Collected data entries
%%

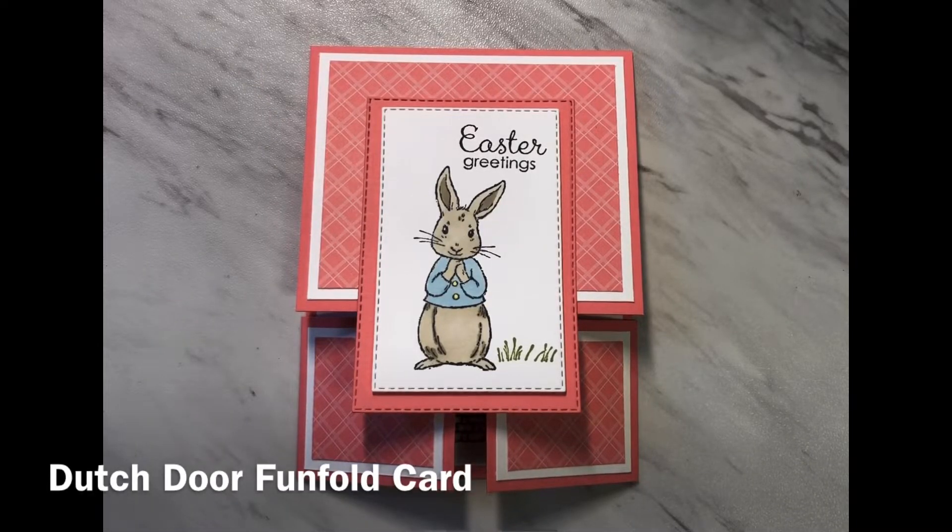Hi, thanks for joining me today. It's Geraldine from the Paper Puffin Studio and today I'm going to show you how to make this Dutch door fold card.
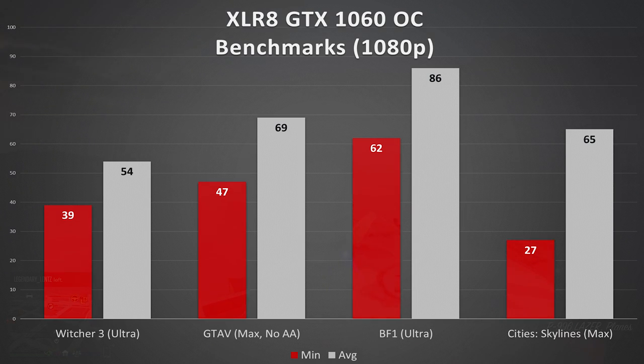First up, Witcher 3 received a respectable framerate. We didn't reach 60fps on average, but bear in mind this is Witcher 3 on Ultra, which will tax the living hell out of any modern GPU. At that, 39 isn't bad for a minimum — I expected worse. Moving on to GTA V: 69 on average, 47 for the minimum. GTA V is an excellent example of balance between GPU and CPU intensities. Gameplay was smooth and rich, especially with everything maxed out, save anti-aliasing.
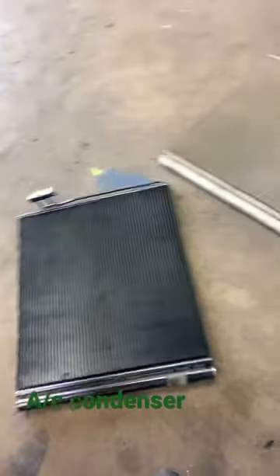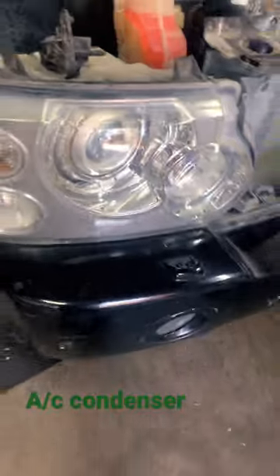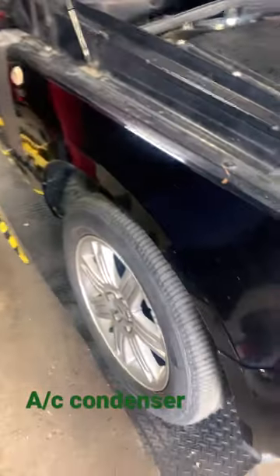I got another car — a 2008 Range Rover. Got a problem with the AC, so I removed the condenser. We found the problem on the condenser, so I had to remove the top bar, radiator support, the top one.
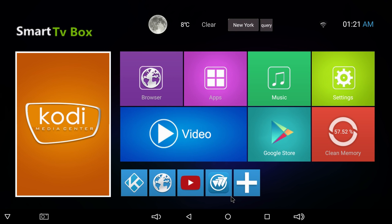Hey, what's going on guys? It's ETA Prime back here again. Today I'm back with the T95Z Plus Android TV box and I want to test out some MAME games.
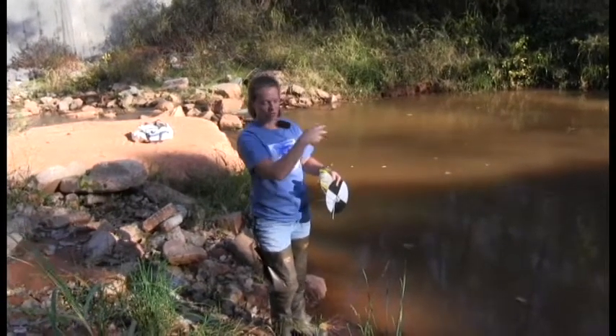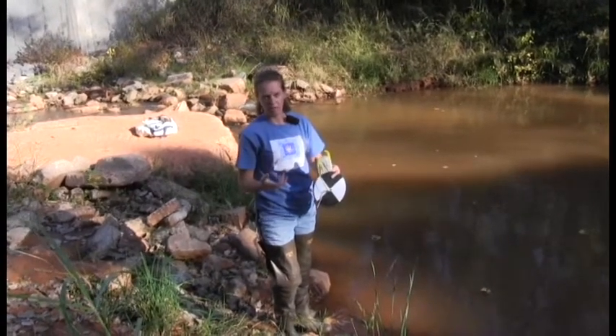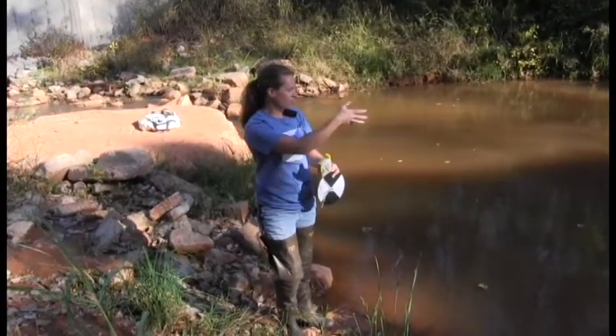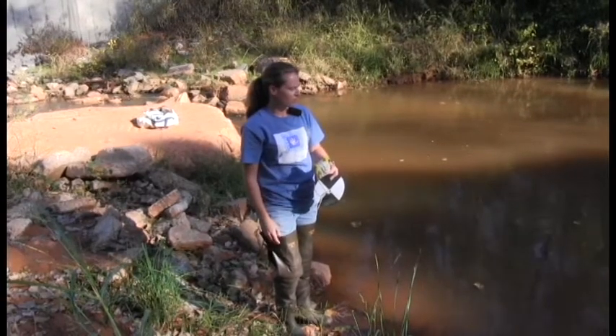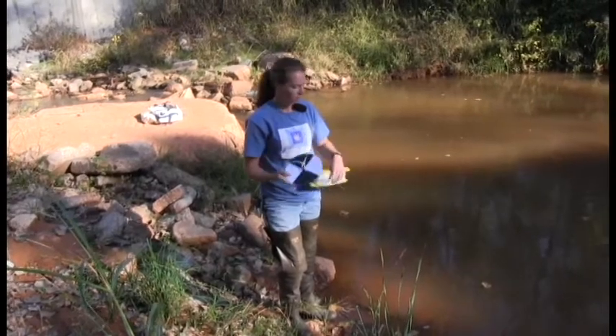We've come downstream just a little bit, and as far as secchi, this is measuring for the clarity of the water. Right now it looks pretty dark and murky, but to actually test and see the depth of it, we're going to use the secchi disc.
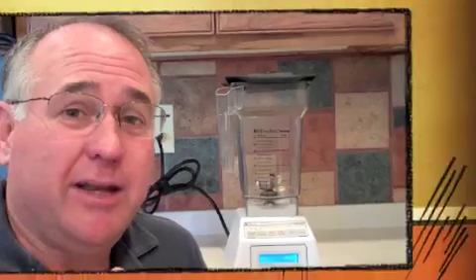But first we need a blender. Now there's lots of blenders on the market. For years I had a Vitamix, which is a great blender, but then I found this blender, the Blendtec, and after I tried it out I sold my Vitamix on eBay. It comes with this recipe book called the Lifestyles Recipe Book, and on page 167 there's a great recipe for bean soup that makes a wonderful appetizer for a Mexican meal.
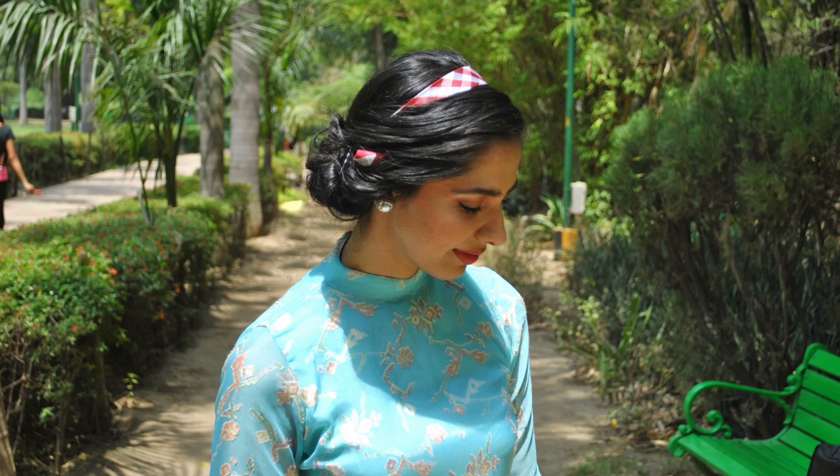I had planned to wear this with a gold leaf headband, but I broke it the morning I was getting ready, so I picked up my husband's tie and folded my hair inside into a bun. Let me know in the comments if you'd like to see a tutorial on this hairdo!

%%

# EXERCISE PROMPT:
The output is the lines from the start of the data above through the line containing "But first we", unchanged, with any picture left out.

# WORKED SOLUTION:
Hi, thanks for joining me today. It's Geraldine from the Paper Puffin Studio and today I'm going to show you how to make this Dutch door fold card.
First up, Witcher 3 received a respectable framerate. We didn't reach 60fps on average, but bear in mind this is Witcher 3 on Ultra, which will tax the living hell out of any modern GPU. At that, 39 isn't bad for a minimum — I expected worse. Moving on to GTA V: 69 on average, 47 for the minimum. GTA V is an excellent example of balance between GPU and CPU intensities. Gameplay was smooth and rich, especially with everything maxed out, save anti-aliasing.
I got another car — a 2008 Range Rover. Got a problem with the AC, so I removed the condenser. We found the problem on the condenser, so I had to remove the top bar, radiator support, the top one.
Hey, what's going on guys? It's ETA Prime back here again. Today I'm back with the T95Z Plus Android TV box and I want to test out some MAME games.
We've come downstream just a little bit, and as far as secchi, this is measuring for the clarity of the water. Right now it looks pretty dark and murky, but to actually test and see the depth of it, we're going to use the secchi disc.
But first we need a blender. Now there's lots of blenders on the market. For years I had a Vitamix, which is a great blender, but then I found this blender, the Blendtec, and after I tried it out I sold my Vitamix on eBay. It comes with this recipe book called the Lifestyles Recipe Book, and on page 167 there's a great recipe for bean soup that makes a wonderful appetizer for a Mexican meal.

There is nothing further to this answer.